We’re doing this all over the world – we’re giving all the standards agencies the chance to comment. They’ve got great experience, and we want to be respectful of that and give them a chance to come in on what we’re doing, and so far the response has been super positive.

Why are you so keen for the community to manage the content themselves?

For us it’s really essential that the gamers understand what they’re going to get, and that we lay some ground rules and let the community enforce those rules. There is definitely content that the both of us would find offensive and we don’t want that on our system, but also creatively we need to respect other people’s IPs and those are the two major ground rules.

Aside from that, we don’t want to be the arbiters of what’s good and bad content, we want to put the power in the hands of the community and ask them to just be truthful about what’s in their game so that people can make an informed decision. That’s super important.

What worries me is when I see people saying that they’ll let anything on their system and they’ll remove it if it’s bad or broken or whatever – that isn’t the future. I think the future is giving the community the tools to really manage that.

I’ve seen people chasing community-driven content but not talking about security or tools to manage that content, and I worry what’s going to happen to their customers. Because that’s what this is about in the end – we want to give everyone the biggest range of gaming experiences, but I don’t want any of them to have to worry that if they download something then their box might break or they suddenly see things they really don’t want to.

Is the peer review process an ongoing process?

You can think of it as sort of uploading into an escrow service – it stays there until enough of the community agree that you’ve followed the basic guidelines, fairly described what’s in your game and you’ve not made something that crashes, and then once enough people have agreed it gets distributed.

Anybody with a Creators Club subscription can do the rating, because they’re the more involved users and probably the people that care most about the community. What we’ve seen is that if you can get a few core people that care about a community, then it can be remarkably robust and standards of conduct evolve quickly.

What’s to stop people just letting their friends’ games through?

Well, your creator identity keeps track of what you rate, so if we see that someone’s clearly not playing the game before rating it then their reputation will go down and they’ll have less of a voice. Also, we’ve put a clause in our Terms of Use that says you shouldn’t rate a game if you have any involvement with the development. Obviously there are reactive measures too, if something goes up and there are complaints we can trace back to the reviewers.

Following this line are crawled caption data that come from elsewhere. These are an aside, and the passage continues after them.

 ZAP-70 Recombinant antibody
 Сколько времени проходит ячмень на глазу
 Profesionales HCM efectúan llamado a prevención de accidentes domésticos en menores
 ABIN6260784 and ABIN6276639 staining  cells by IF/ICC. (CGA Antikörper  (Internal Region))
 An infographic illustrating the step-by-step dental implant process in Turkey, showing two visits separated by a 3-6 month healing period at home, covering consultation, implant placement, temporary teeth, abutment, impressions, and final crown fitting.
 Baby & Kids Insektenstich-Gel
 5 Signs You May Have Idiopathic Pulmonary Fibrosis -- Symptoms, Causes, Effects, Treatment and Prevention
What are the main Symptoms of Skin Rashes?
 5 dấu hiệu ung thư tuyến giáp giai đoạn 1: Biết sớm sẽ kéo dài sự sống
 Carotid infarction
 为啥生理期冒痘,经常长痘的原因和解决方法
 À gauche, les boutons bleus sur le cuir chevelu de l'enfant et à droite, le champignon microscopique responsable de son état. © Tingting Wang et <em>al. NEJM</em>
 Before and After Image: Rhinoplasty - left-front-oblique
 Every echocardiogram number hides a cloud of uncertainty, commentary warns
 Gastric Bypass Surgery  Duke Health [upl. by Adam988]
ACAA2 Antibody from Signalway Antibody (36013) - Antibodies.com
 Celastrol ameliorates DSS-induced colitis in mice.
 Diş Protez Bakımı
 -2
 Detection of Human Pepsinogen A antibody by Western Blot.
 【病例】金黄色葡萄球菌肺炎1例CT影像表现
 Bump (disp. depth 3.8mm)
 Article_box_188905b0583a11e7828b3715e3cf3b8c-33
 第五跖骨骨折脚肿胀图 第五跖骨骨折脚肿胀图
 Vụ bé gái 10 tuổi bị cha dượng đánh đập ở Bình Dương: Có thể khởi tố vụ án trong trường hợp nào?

But all this punitive stuff – I just really hope that the community cares about this like we do and that they want it to work, otherwise they’ll just ruin it for themselves.

Do you think that this will prove a good example to other developers looking to embrace user-created content?

Yeah, I think it will, and I hope it does. We don’t have the panacea for everything, but I hope that this is a really positive step to show how a community can take responsibility for what they’re doing.

You said earlier that distribution was the last big piece of the puzzle. So where does XNA go from here?

Well, we’re also extending to Zune this year, and I think that there are other platforms that we could extend to like, for example, smartphones. As for the distribution, it’ll be about tuning it and making sure it’s as good as possible, making sure that multi-region distribution works. That’s where we’ll be focusing short- to long-term, and I think that’ll inform where we go from there.

Will people have to pay to play the Community Games?

We haven’t decided that yet – to be honest, we’re not really focused on the business model, we’ve been focusing on this pipeline and connecting people. Once we’re in beta more will come to light. For now it’s just getting this distribution to work – it’s a hell of a lot of work!